- _Information supplied_:
* * *

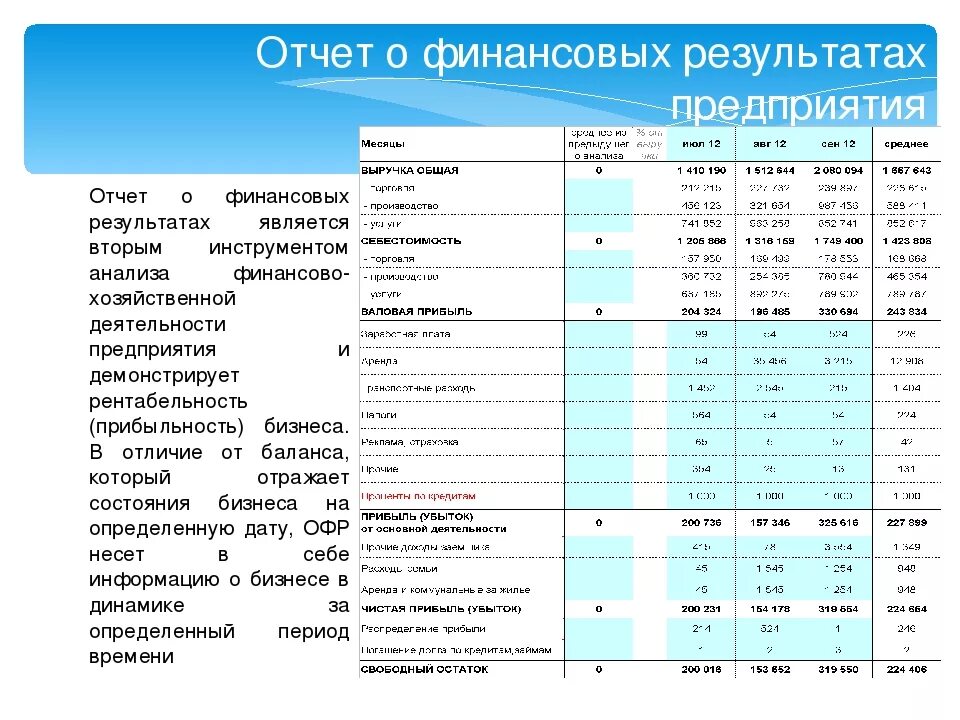 Управленческая отчетность в excel. Отчет о финансовых результатах управленческий учет образец. Управленческий отчет о финансовых результатах образец. Пример финансоаого отчёта. Итоговый отчет о результатах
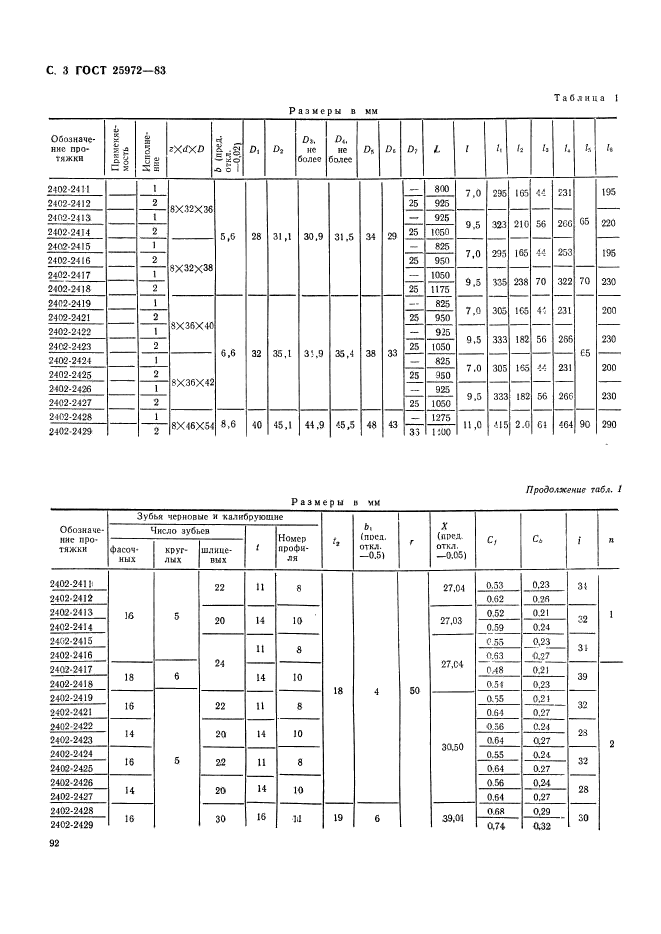 ГОСТ 25972-83,  3.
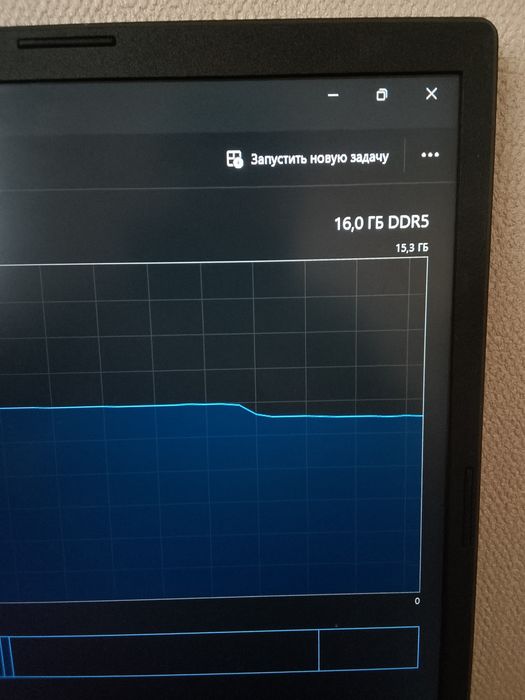 Ноутбук Acer nitro v15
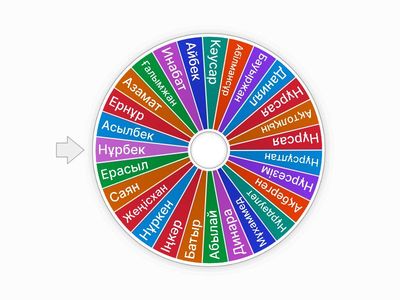 Биология өтілген тақырыптар боиынша 30 сұрақ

* * *

- _Exercise description_: Word for word, reproduce the listing above; no image should be carried over.

- _Completed task_:
 Управленческая отчетность в excel. Отчет о финансовых результатах управленческий учет образец. Управленческий отчет о финансовых результатах образец. Пример финансоаого отчёта. Итоговый отчет о результатах
 ГОСТ 25972-83,  3.
 Ноутбук Acer nitro v15
 Биология өтілген тақырыптар боиынша 30 сұрақ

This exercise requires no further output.